Though planners have proposed building an elevated platform to protect
the radar from tsunamis and hurricanes, Kaiakapu and other critics argue the location poses risks to the facility itself and the surrounding environment.
“The potential for pollution or contamination during the construction process
or during operation, if there’s some sort of leak
or a tsunami causes some sort of breach or contamination of the shoreline, is another very concerning possibility,” said Kaiakapu.
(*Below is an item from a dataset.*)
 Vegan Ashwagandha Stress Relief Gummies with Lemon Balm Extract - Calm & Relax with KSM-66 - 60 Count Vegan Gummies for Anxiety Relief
The project faced opposition on Oahu over concerns that proposed sites overlapped ancient Hawaiian cultural areas and could threaten habitats of endangered species. In January 2021, Kahele told Oahu’s North Shore Neighborhood Board that he would oppose building the radar on Oahu, but he has since come out in support of building the facility on Kauai.
Responding to Kahele’s stance, Goodwin said, “We hope he is realizing that the west side community has historically received what the rest of the island didn’t want: the oil-fired generating plant, the landfill, a polluting shrimp farm and the chemical seed industry.”
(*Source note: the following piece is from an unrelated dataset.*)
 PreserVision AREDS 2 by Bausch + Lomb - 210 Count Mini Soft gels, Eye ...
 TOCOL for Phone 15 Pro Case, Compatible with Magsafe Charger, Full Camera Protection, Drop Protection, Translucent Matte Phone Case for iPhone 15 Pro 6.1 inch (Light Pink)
Kahele told the Honolulu Star-Advertiser, “I await the results of the EIS, once it’s been completed. But I continue to support the Homeland Defense Radar-Hawaii. As demonstrated by North Korea (last) week, a ballistic missile threat to Hawaii is still very real.”
U.S. Sen. Mazie Hirono, D-Hawaii, has been the project’s most vocal and aggressive champion. During a tense exchange in a March 2020 congressional hearing, she grilled then-Defense Secretary Mark Esper about its exclusion from the Trump administration’s defense budget request.
In response, Esper said the exclusion didn’t necessarily mean the project was canceled. However, he added, “If I develop a system and can’t put it somewhere, it has no effect. It’s wasted money.”
Hirono raised the issue
of the radar’s funding again when the Biden administration also left it out of its requested budget. During a September hearing on the military’s chaotic evacuation from Afghanistan, she told Biden’s Defense Secretary Lloyd Austin that “the president has touted the
Afghanistan pullout as necessary to free up time and money to deal with near-peer competitors like Russia and China, but that stated rationale is somewhat, I think, at odds
with the administration’s budget.”
Hirono’s office did not
offer any comment in response to repeated requests by the Star-Advertiser.
Hawaii residents on both Oahu and Kauai who oppose the HDR-H have pointed to the Pentagon’s own waning interest in the project. In particular, some have argued that space-based missile detection
systems currently in development could possibly render the facility redundant or obsolete in the three to five years it’s expected to take to build it.
With the Pentagon, “under two different opposing (White House) administrations,” declining to fast-track the project for various reasons, Kaiakapu said, “Don’t waste our time or taxpayer money or, more importantly, our land. Don’t waste Hawaiian land on this project.”